» **Requirement**: Quote only the lines that start at the line with "Tenké dámske podkolienky PUNTINA" and run to the end of the entries; omit the pictures.

» **Supplied information**:
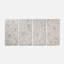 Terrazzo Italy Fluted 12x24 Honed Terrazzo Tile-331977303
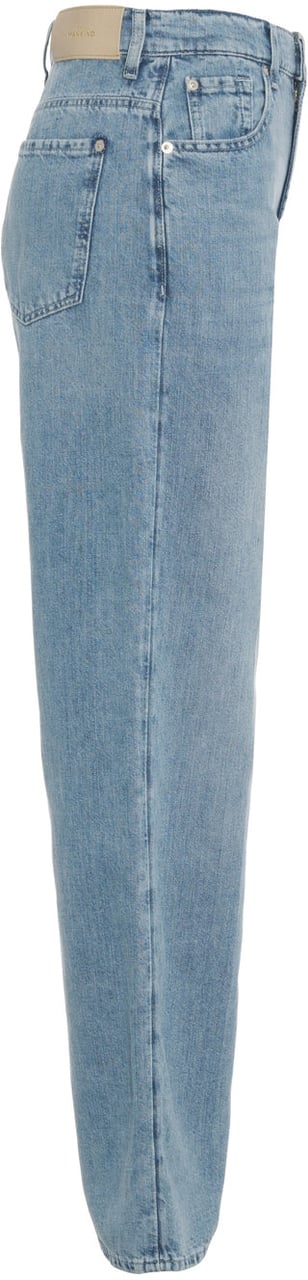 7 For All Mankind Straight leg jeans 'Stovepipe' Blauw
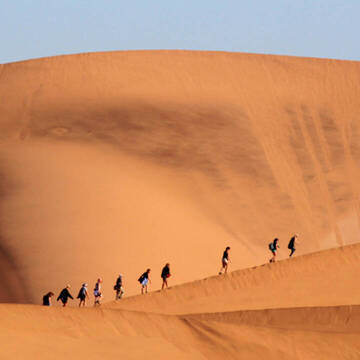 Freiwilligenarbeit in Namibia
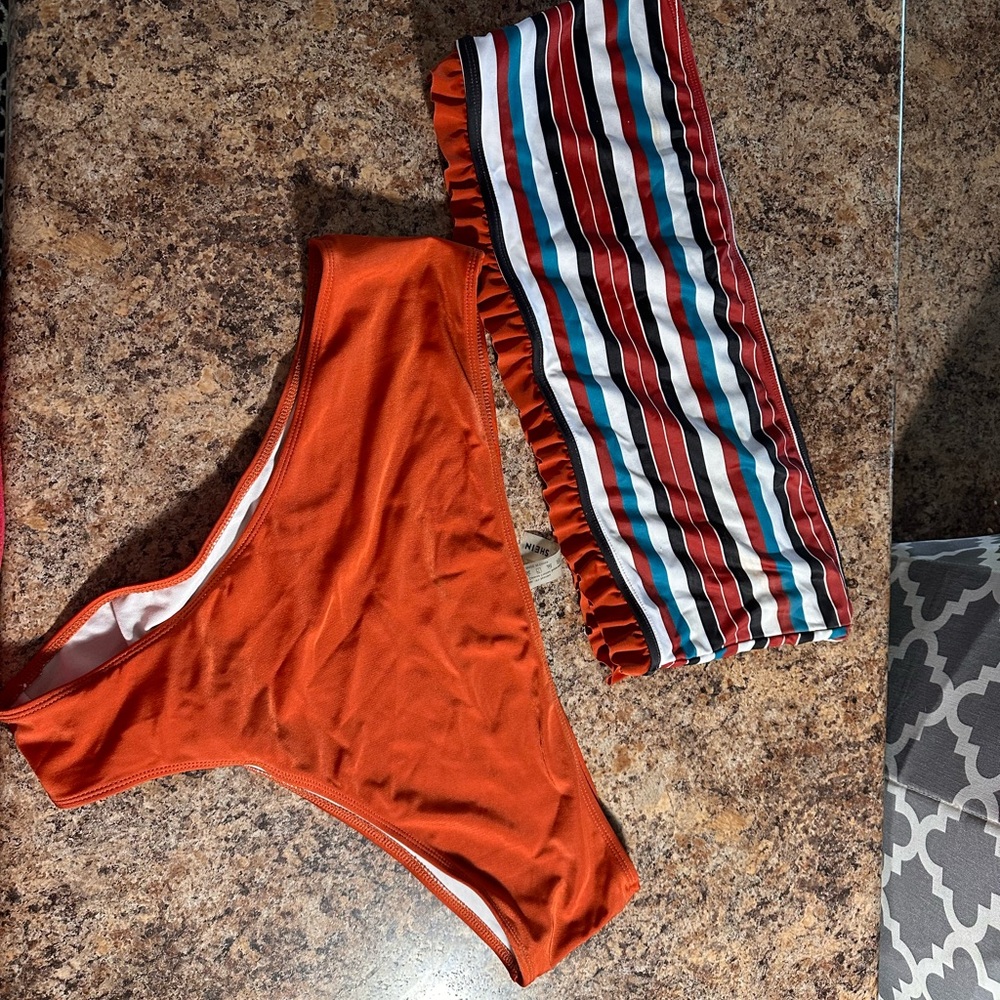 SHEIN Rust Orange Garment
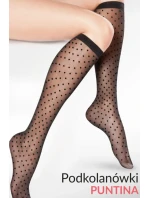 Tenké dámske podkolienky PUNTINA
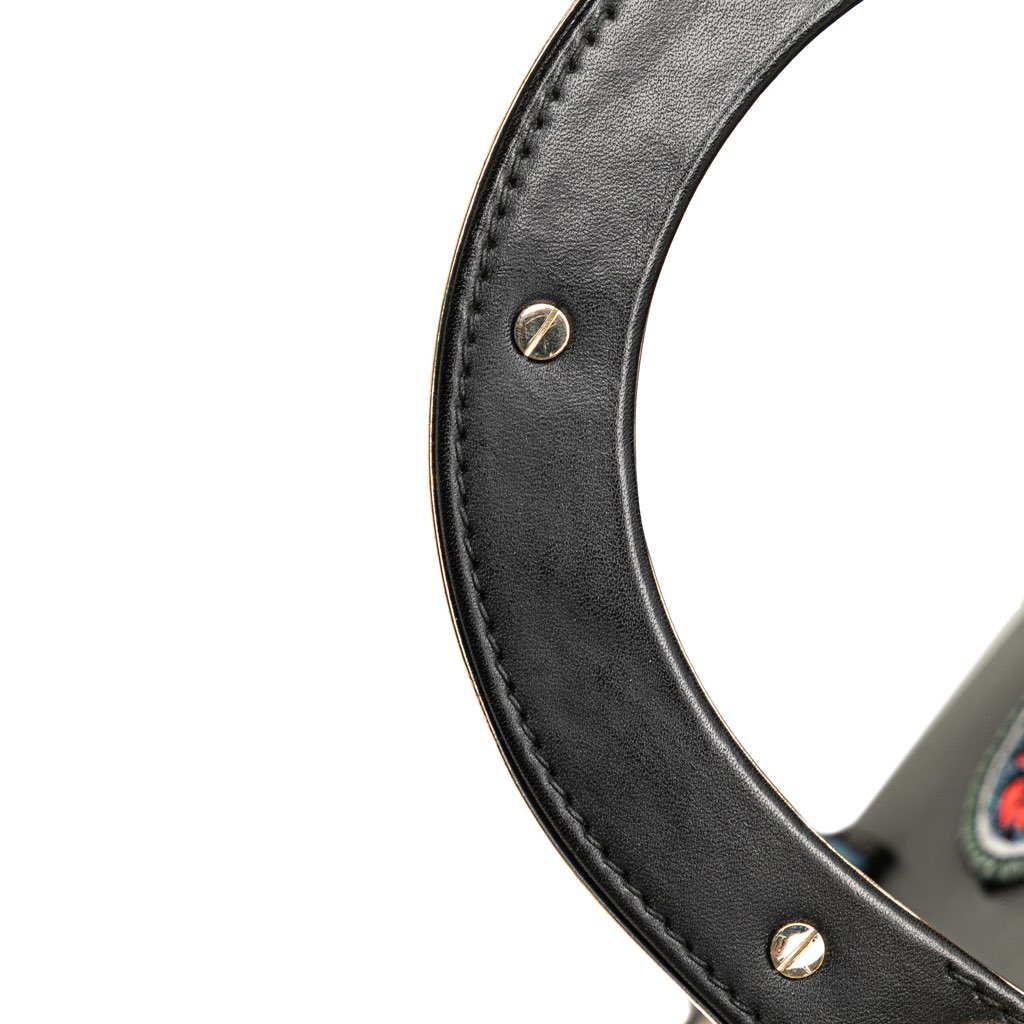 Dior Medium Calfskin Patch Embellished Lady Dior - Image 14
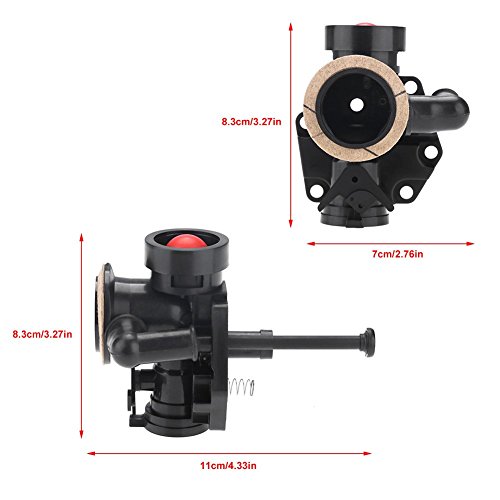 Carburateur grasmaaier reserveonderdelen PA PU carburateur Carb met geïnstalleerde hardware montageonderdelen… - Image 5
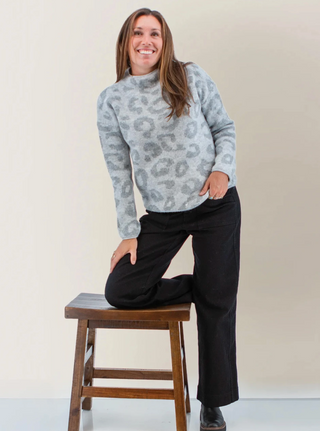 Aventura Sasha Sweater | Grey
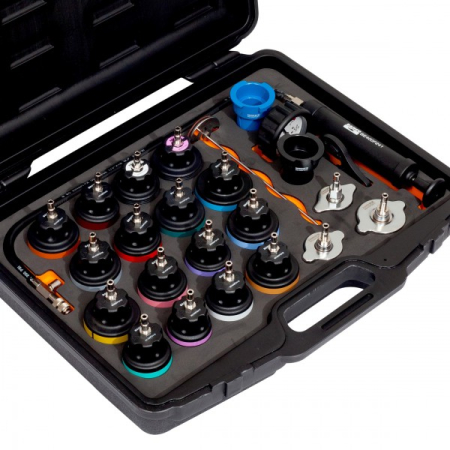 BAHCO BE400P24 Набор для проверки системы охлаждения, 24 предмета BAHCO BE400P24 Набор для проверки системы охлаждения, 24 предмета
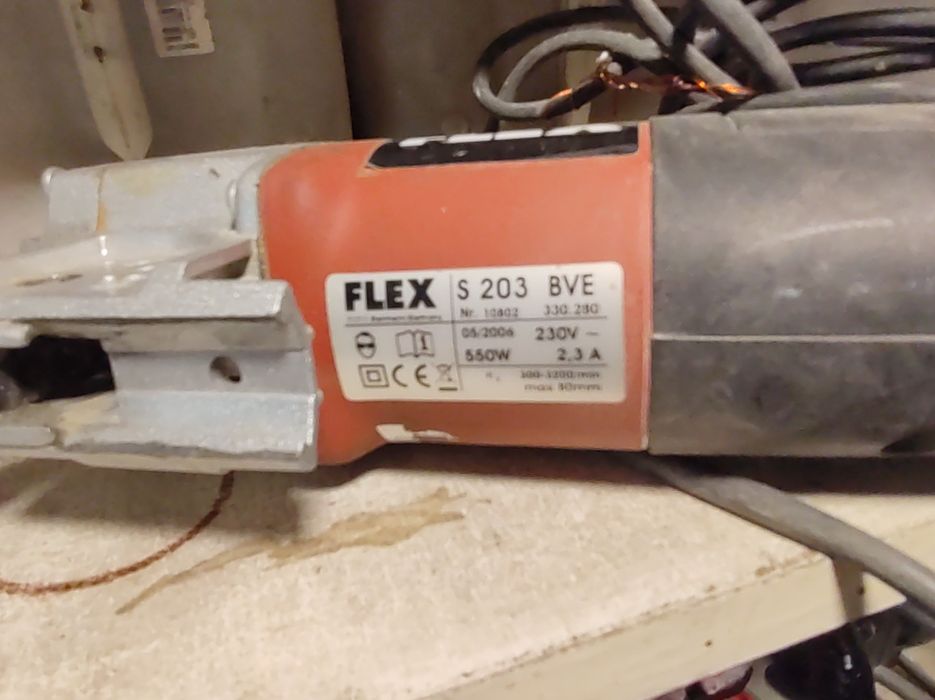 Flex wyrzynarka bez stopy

» **Response box**:
 Tenké dámske podkolienky PUNTINA
 Dior Medium Calfskin Patch Embellished Lady Dior - Image 14
 Carburateur grasmaaier reserveonderdelen PA PU carburateur Carb met geïnstalleerde hardware montageonderdelen… - Image 5
 Aventura Sasha Sweater | Grey
 BAHCO BE400P24 Набор для проверки системы охлаждения, 24 предмета BAHCO BE400P24 Набор для проверки системы охлаждения, 24 предмета
 Flex wyrzynarka bez stopy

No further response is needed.